XL vermin

 

Before planting the garden in the hot tub, on the deck, last spring:

Me: “What can we do to keep deer off the deck so they don’t eat all the plants?”

Captain OCD: “Deer aren’t going to go on the deck.”

“Sure they will. They’re all but domesticated. They aren’t afraid of anything anymore.”

“Deer are not going to go on the deck.”

“But”

“No way will deer ever walk up the steps to the deck.”

“Right, they’ll leap. They’re leapers. There’s a reason why a six-foot fence isn’t tall enough for a deer fence.”

“The deer will never go up on the deck.”

Today:

Captain OCD: “Did you pick all the tomatoes for the salad last night?”

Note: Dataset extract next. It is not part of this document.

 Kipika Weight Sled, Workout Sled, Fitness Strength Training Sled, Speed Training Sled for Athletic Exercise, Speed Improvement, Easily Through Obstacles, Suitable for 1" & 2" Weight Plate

Me: “I didn’t pick any tomatoes.”

“Huh. Looks like the deer got all the tomatoes.”

On the deck.

Presents! I like presents!

 Now that Christmas is over, I’d like to complain.

santa

Enough with the sanctimonious, self-righteous, guilt-tripping scolding about Christmas. Jesus may be your reason for the season, but it’s never been mine, and I don’t feel any compelsion* to disabuse you of your beliefs. Quit demonizing the exchange of gifts. I like to think about what a person might want, to try to come up with something that will be a pleasant surprise, something that indicates that more than the exchange of money for goods was involved. Someone gave me David Sedaris’s newest book for my birthday, but more important than the book was that the person put enough thought into the gift to know that it was perfect for me.

*Thank you, Barney Fife, for introducing that word to my lexicon.

Megalobank

Our banking needs are simple, so I haven’t paid too much attention to the switch from Washington Mutual to Chase. My biggest concern was that C2 not be locked out of using her debit card while she was in Chile last year because that’s what she lived on, and she wasn’t, and we haven’t encountered more than a momentary glitch, so I haven’t spent any time worrying about it. But the other day while pretending to be responsible I tried to find a table comparing our old Washington Mutual accounts to what they’d become as Chase accounts. Not available, on the Chase site (which was quite a surprise to the support guy for Chase.com) or in a branch.

I asked someone at the bank to go over things with me. She told me all the WaMu accounts were grandfathered.

For six to eight months.

Six or eight? And do you know from when?

Oh, I don’t know. March, May, whenever they made the switch. Just plan on the end of the year. [And then she winked at me. Bank employees should not wink.]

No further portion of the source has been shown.